Early one November morning in 1733 on St Jan, a small island in the Danish West Indies, two slaves waited outside a small stone house belonging to a family of plantation owners, the Krøyers. The slaves, Breffu and Christian, were listening for the sound of a cannon to be fired by their compatriots at the island’s fort, signalling the defeat of the fort’s soldiers and the beginning of a slave rebellion. The cannon fired and Breffu entered the house, killing the entire Krøyer family.
In May the following year, as the slave rebellion was collapsing, St Jan’s governor, Phillip Gardelin, noted in his correspondence that he had learned with surprise that “one of the leaders of the rebellion, Baeffu [sic], whom none of us knew, and whom we assumed to be a man having murdered my son Pieter Krøyer and his Wife, is a woman!”
Gardelin’s surprise at Breffu’s sex is puzzling, since her involvement had been known to the Danish authorities since January 1734 from the testimony of other enslaved people questioned about the rebels. Apparently no one thought it important to provide the Danes with the gender of the leaders. And apparently the Danes did not think it important to ask.
Slave rebellions were, of course, a common event in the slave societies that dominated the western hemisphere in the 16th through 19th centuries. Rebellions and uprisings were complicated affairs, usually involving men with varied experiences and skills in a variety of roles from charismatic leaders to dodgers and informers. While women were intimately involved with rebellion activities, it was rarely in the role of leaders or as combatants – at least, not in a way that was actively recorded.
Women and the various roles that they played in these events have been largely invisible. The reasons for this are many – the enslaved did not leave written records, so the documentary record of slave insurrections and subsequent trials was left by the opposing side: white plantation society.
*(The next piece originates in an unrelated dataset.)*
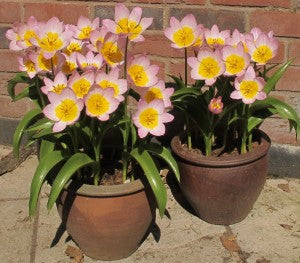 Get set for spring!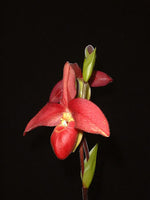 Carica l&#39;immagine nel visualizzatore Galleria, Phragmipedium Memoria Dick Clements (Phrag. bessae x Phrag. sargentianum)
With the exception of the Haitian revolution, no slave rebellion in the western hemisphere achieved the goal of permanent freedom. The subsequent trials were also therefore biased: questions asked by prosecutors were not only steeped in racial assumptions, but gendered assumptions as well. According to many scholars, numerous trial transcripts show that plantation society assumed not only that most women did not take part in these “male” political activities, but also that they knew little about the details of the events.
Breffu’s involvement as a combatant, and as a leader of the St Jan rebellion, offers extraordinary questions, with very few answers from the historical or archaeological record. There have been a handful of women identified in other rebellions, and even fewer in similar roles as leaders and fighters. Marjoleine Kars discusses another enslaved woman, Amelia, who “saw fit to temporarily take on a male role” in a different rebellion in Berbice, Guyana, nearly 30 years after the St Jan rebellion. Amelia had survived the Middle Passage – the horrifying voyage from African slave ports to the New World slave markets – with the organiser of the rebellion, Coffij, and the shared experience marked them as siblings. Amelia’s role seems to have been largely advisory, not as a combatant, although Kars points out she was accused of carrying a “broad sword like a man” and possibly taking part in the ritual murder of European children to honour her “brother” at his funeral. Amelia, unlike Breffu, never seems to have lost her gender identity – she just traded it for a while.
Both of these cases illustrates the fluidity and contextuality of gender and gender performance. It was the event of the insurrection itself that seems to have created a space for both Amelia and Breffu to perform as male. But there are many unanswered questions that could provide insight into how gender was expressed under these conditions. In what ways did Breffu perform as a man? Did she dress as a man or just carry certain “accoutrements” of maleness like a weapon, the way that Amelia did? Was it only by taking part in violence? Was it by taking part in political violence directed at slave owners? Was Breffu able to take on that role of combatant because she performed as a male in other aspects of her life, prior to the rebellion? What was Breffu’s relationship to the other leaders and the “rank and file” of the rebel forces?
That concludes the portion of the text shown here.